So that’s how you get the data on a single page. If you look closer at the URL, you see a lot of helpful things. First, there’s the make, then the model, then the location-zip, then the year-range, and ultimately the trim. This is a very pretty and clean URL. If you click on a few additional pages, you’ll see the URL opens up with ?page=2.

https://www.truecar.com/used-cars-for-sale/listings/ford/edge/location-90210/?page=2

This is our ‘in’ to scraping multiple pages. I won’t bore you with the details of how to get that data into a neat matrix for us to analyze, but suffice it to say that I’m able to do it.

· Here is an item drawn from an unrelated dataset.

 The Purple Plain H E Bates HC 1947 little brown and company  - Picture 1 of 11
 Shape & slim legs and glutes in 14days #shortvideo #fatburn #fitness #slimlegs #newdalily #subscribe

Just build a function to construct a URL, and build a loop to go through the different pages, then use lots of str_extract from the stringr package and gsub to clean up the data.

library(stringr)

make = 'ford'
model = 'edge'
zip = '90210'
year = 2012
npages = 5

url <- paste('https://www.truecar.com/used-cars-for-sale/listings/', 
             make, '/', 
             model ,
             '/location-', zip,
             '/year-',year,'-max/?page=', sep = "")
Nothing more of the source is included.